4. Saving the dataset as a pickle file


## Downloading the Dataset

The dataset can be downloaded using a browser using the following downloadable links :

* [Training Images](http://yann.lecun.com/exdb/mnist/train-images-idx3-ubyte.gz)
* [Training Labels](http://yann.lecun.com/exdb/mnist/train-labels-idx1-ubyte.gz)
* [Testing Images](http://yann.lecun.com/exdb/mnist/t10k-images-idx3-ubyte.gz)
* [Testing Labels](http://yann.lecun.com/exdb/mnist/t10k-labels-idx1-ubyte.gz)

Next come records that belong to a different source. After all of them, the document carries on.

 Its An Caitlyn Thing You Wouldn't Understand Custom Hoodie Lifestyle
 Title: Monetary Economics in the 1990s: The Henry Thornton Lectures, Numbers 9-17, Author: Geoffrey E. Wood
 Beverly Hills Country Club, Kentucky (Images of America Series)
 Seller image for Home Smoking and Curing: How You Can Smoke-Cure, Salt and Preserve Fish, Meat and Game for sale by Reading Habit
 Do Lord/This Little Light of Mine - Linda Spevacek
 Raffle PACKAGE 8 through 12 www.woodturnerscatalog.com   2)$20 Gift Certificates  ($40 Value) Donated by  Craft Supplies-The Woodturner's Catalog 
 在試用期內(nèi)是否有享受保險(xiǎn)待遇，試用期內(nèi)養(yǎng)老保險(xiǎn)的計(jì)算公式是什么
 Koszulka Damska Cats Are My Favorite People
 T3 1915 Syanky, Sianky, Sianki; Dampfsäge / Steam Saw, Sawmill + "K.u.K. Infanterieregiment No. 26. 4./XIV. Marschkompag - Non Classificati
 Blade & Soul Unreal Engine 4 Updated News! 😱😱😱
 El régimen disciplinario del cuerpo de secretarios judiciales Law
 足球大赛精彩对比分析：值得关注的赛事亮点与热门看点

Alternatively the code segment below can also be used to download the images to a specific dataset.

In [None]:
#IMPORTS
import os,urllib.request


# PROVIDE YOUR DOWNLOAD DIRECTORY HERE
datapath = '../../Data/MNISTData/'  

# CREATING DOWNLOAD DIRECTORY
if not os.path.exists(datapath):
    os.makedirs(datapath)

# URLS TO DOWNLOAD FROM
urls = ['http://yann.lecun.com/exdb/mnist/train-images-idx3-ubyte.gz',
       'http://yann.lecun.com/exdb/mnist/train-labels-idx1-ubyte.gz',
       'http://yann.lecun.com/exdb/mnist/t10k-images-idx3-ubyte.gz',
       'http://yann.lecun.com/exdb/mnist/t10k-labels-idx1-ubyte.gz']

for url in urls:
    filename = url.split('/')[-1]   # GET FILENAME
    
    if os.path.exists(datapath+filename):
        print(filename, ' already exists')  # CHECK IF FILE EXISTS
    else:
        print('Downloading ',filename)
        urllib.request.urlretrieve (url, datapath+filename) # DOWNLOAD FILE
     
print('All files are available')

## Extracting the downloaded files

The downloaded files are in an archive format and needs to be extracted. It can be manually extracted using the GUI or the code segment below can also be used.

In [None]:
import os,gzip,shutil

# PROVIDE YOUR DOWNLOAD DIRECTORY HERE
datapath = '../../Data/MNISTData/'  

# LISTING ALL ARCHIVES IN THE DIRECTORY
files = os.listdir(datapath)
for file in files:
    if file.endswith('gz'):
        print('Extracting ',file)
        with gzip.open(datapath+file, 'rb') as f_in:
            with open(datapath+file.split('.')[0], 'wb') as f_out:
                shutil.copyfileobj(f_in, f_out)
print('Extraction Complete')

# OPTIONAL REMOVE THE ARCHIVES
for file in files:
    print('Removing ',file)
    os.remove(datapath+file)
print ('All archives removed')

In [3]:
%%html
<style>
  table {margin-left: 0 !important;}
</style>


## Process the Files 
All the image files and labels of the MNIST dataset is encoded into these 4 files. We need to be able to extract the images from the files to work with them.

### File descriptions
Four files are provided:

* Test Images : t10k-images-idx3-ubyte
* Test Labels :  t10k-labels-idx1-ubyte
* Train Images : train-images-idx3-ubyte
* Train Labels :  train-labels-idx1-ubyte

The IDX file format is a simple format for vectors and multidimensional matrices of various numerical types.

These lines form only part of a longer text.